** The input follows **

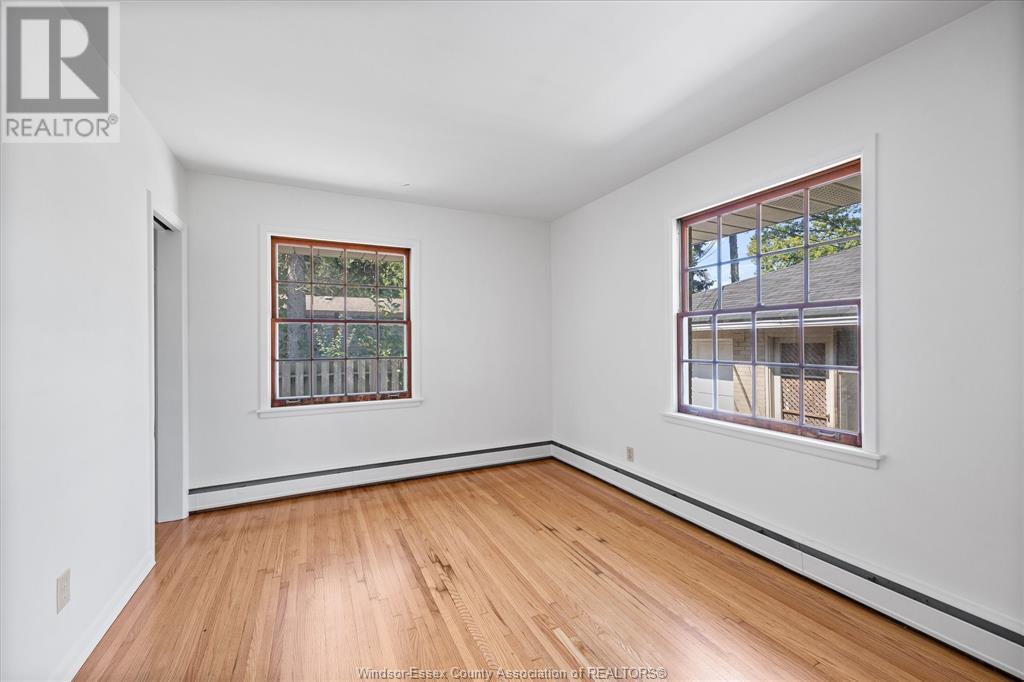Photo 2 of 3985 Dougall Ave, Windsor ON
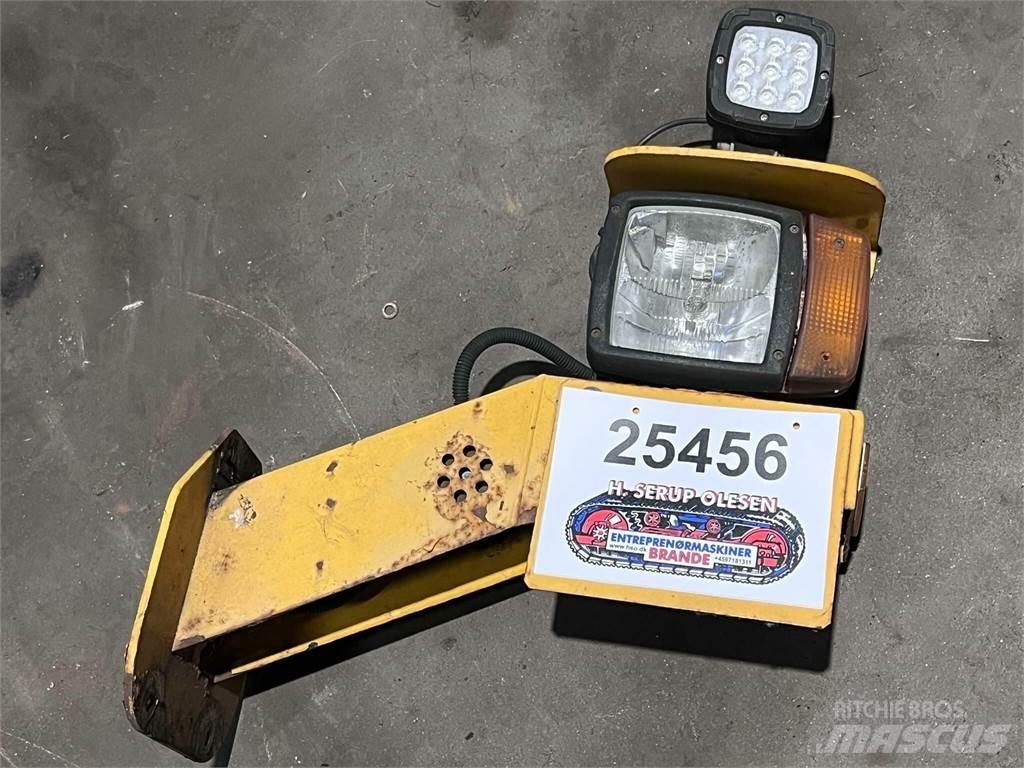 Volvo L120F frontlygte إلكترونيات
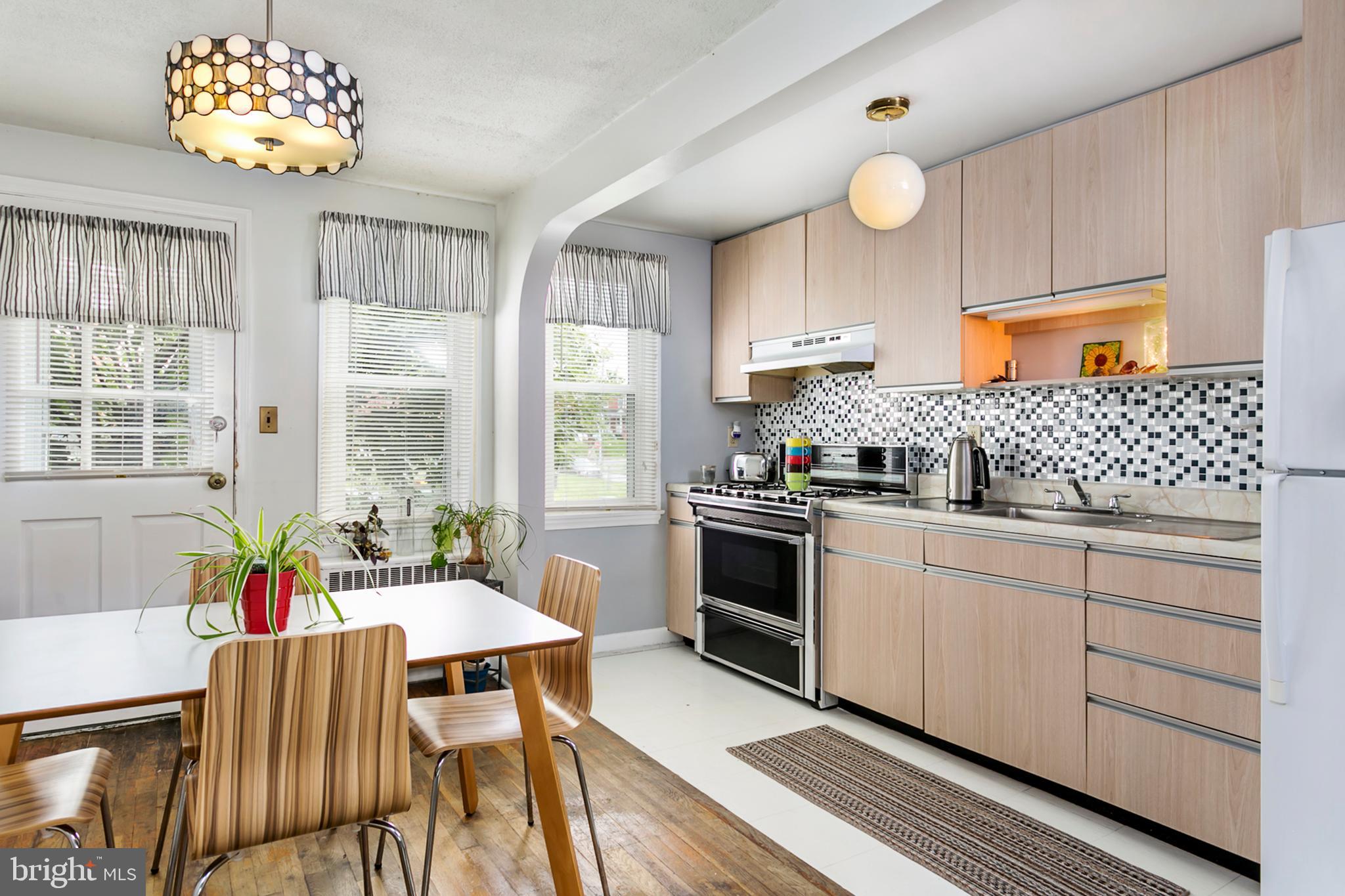3657 Clarenell Road Baltimore, MD 21229 - Photo 4 of 14 Gallery Image 4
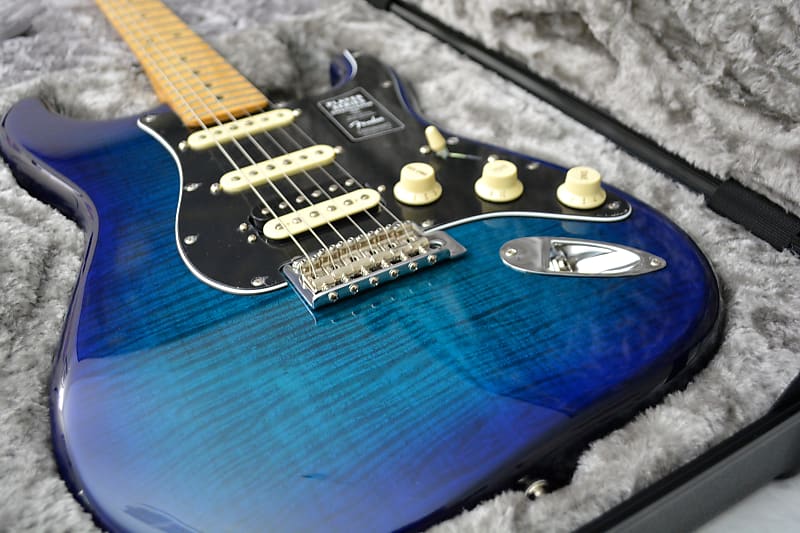 Fender player stratocaster hss deals plus top blue burst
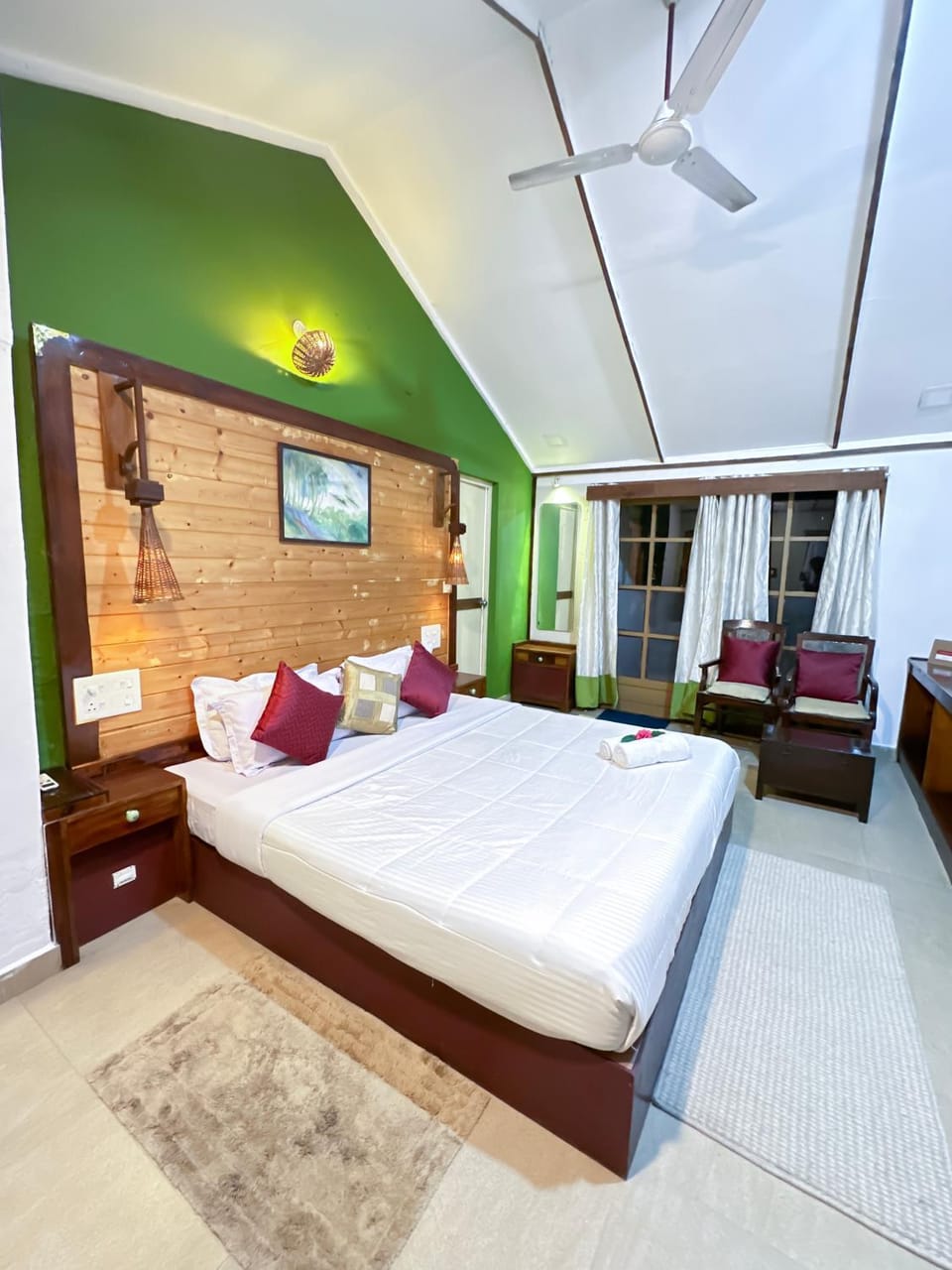 TV and multimedia, Photo of the whole room, Bedroom, fireplace
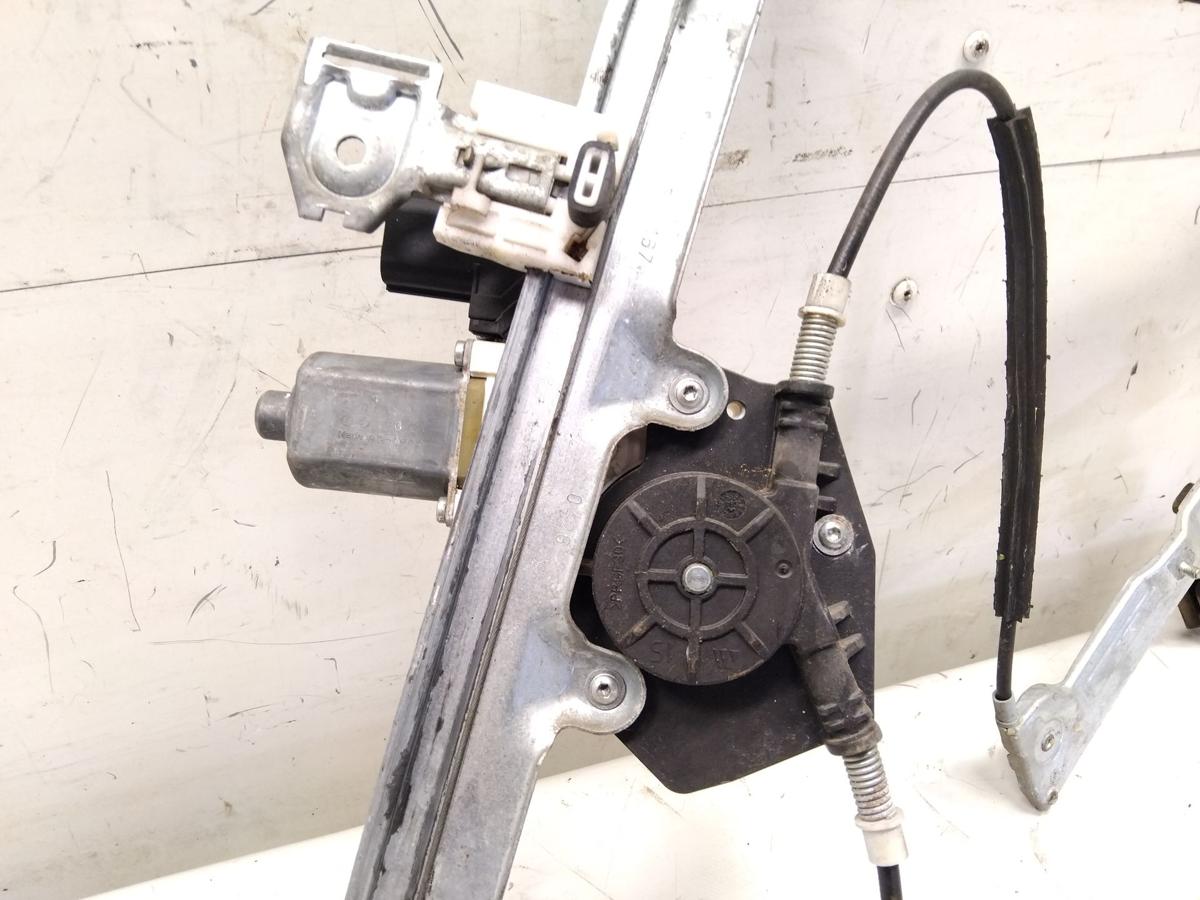 Mitsubishi Colt Z30 5-türig original Fensterheber vorn links elektrisch BJ2004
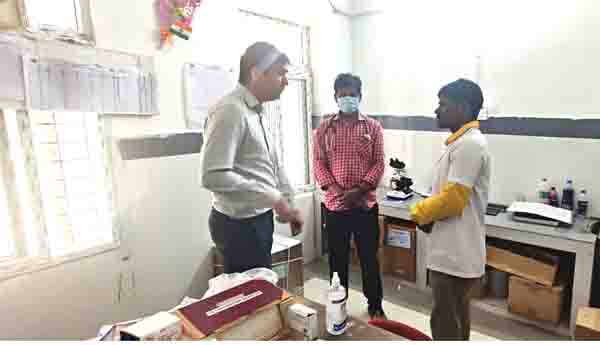 కలెక్టర్‌ ఆకస్మిక పర్యటన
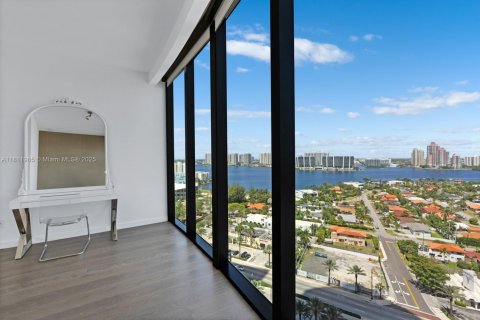 Condo in Sunny Isles Beach, Florida, 4 bedrooms  № 1762439 - photo 27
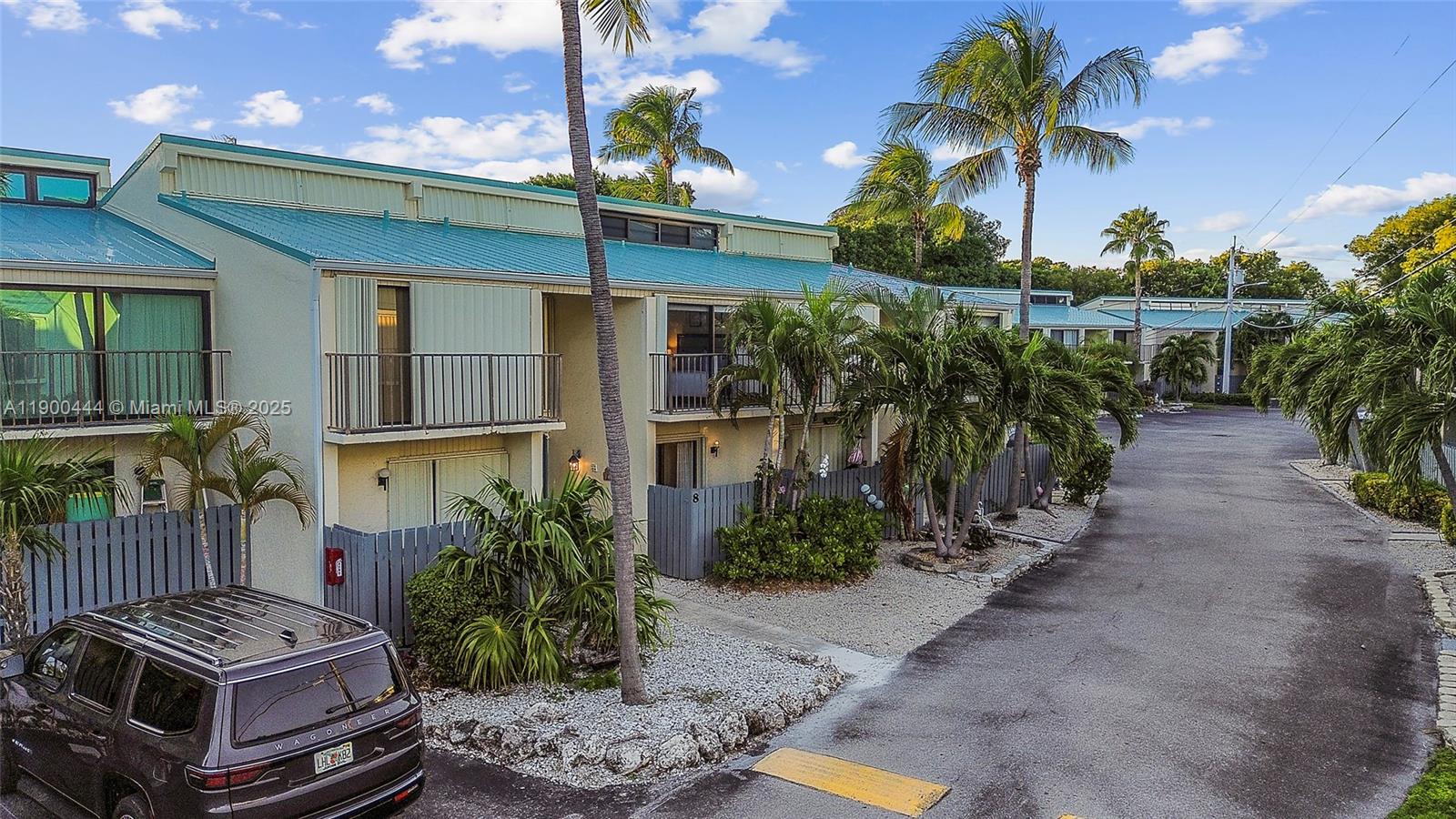 EXECUTIVE BAY CLUB - Residential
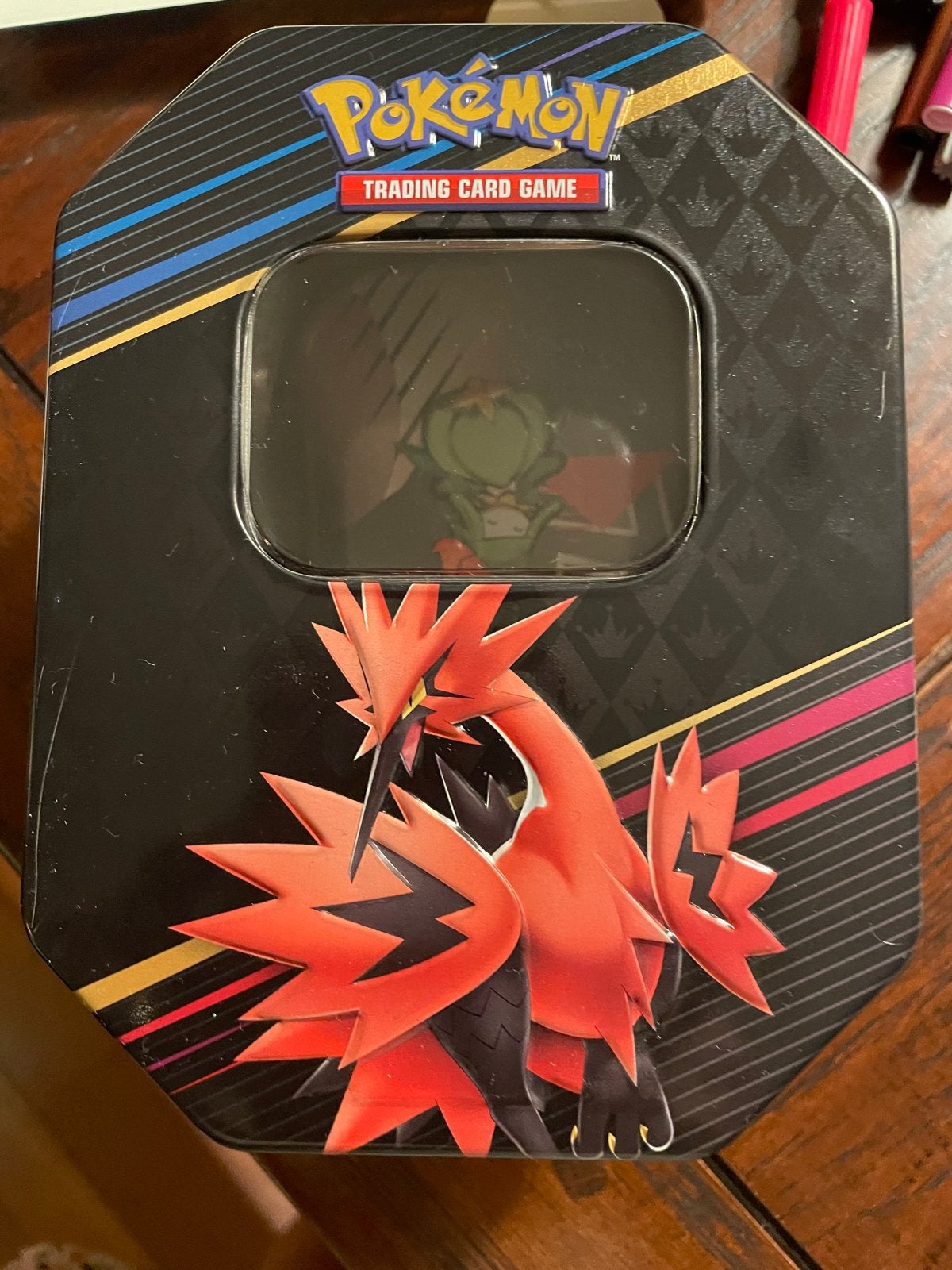 Pokémon Trading Card Game Tin met kaarten en stickers, Ophalen of Verzenden, Gebruikt, Overige typen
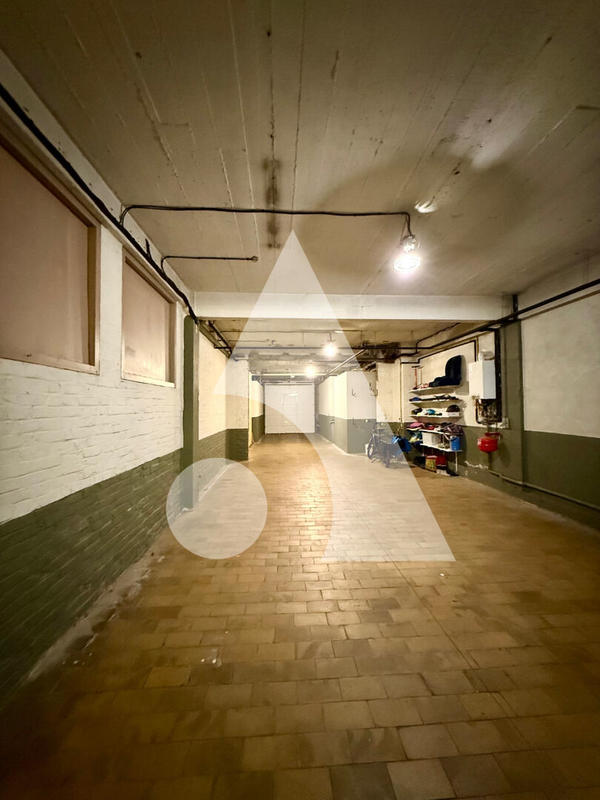 Appartement - 202 m² - 5 pièces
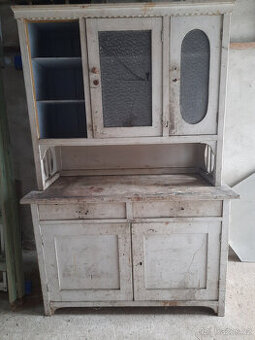 Stará kredenc k renovaci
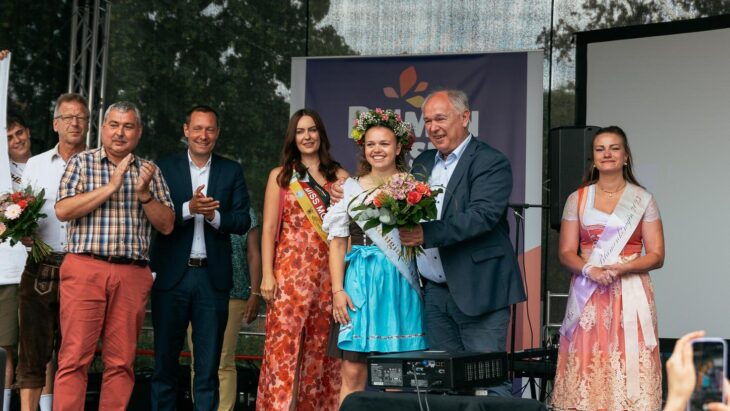 Die neue Blumenkönigin Emily Schätz (Mitte mit Bürgermeister Klaus Hacker) freut sich über ihr Amt. Links Miss Bayern Carina Schätz und die Vorgängerin Daniela Krauße.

** End of The input **

Retype the records in full. Do not carry over the images.

Final answer:
Photo 2 of 3985 Dougall Ave, Windsor ON
 Volvo L120F frontlygte إلكترونيات
3657 Clarenell Road Baltimore, MD 21229 - Photo 4 of 14 Gallery Image 4
 Fender player stratocaster hss deals plus top blue burst
 TV and multimedia, Photo of the whole room, Bedroom, fireplace
 Mitsubishi Colt Z30 5-türig original Fensterheber vorn links elektrisch BJ2004
 కలెక్టర్‌ ఆకస్మిక పర్యటన
 Condo in Sunny Isles Beach, Florida, 4 bedrooms  № 1762439 - photo 27
 EXECUTIVE BAY CLUB - Residential
 Pokémon Trading Card Game Tin met kaarten en stickers, Ophalen of Verzenden, Gebruikt, Overige typen
 Appartement - 202 m² - 5 pièces
 Stará kredenc k renovaci
 Die neue Blumenkönigin Emily Schätz (Mitte mit Bürgermeister Klaus Hacker) freut sich über ihr Amt. Links Miss Bayern Carina Schätz und die Vorgängerin Daniela Krauße.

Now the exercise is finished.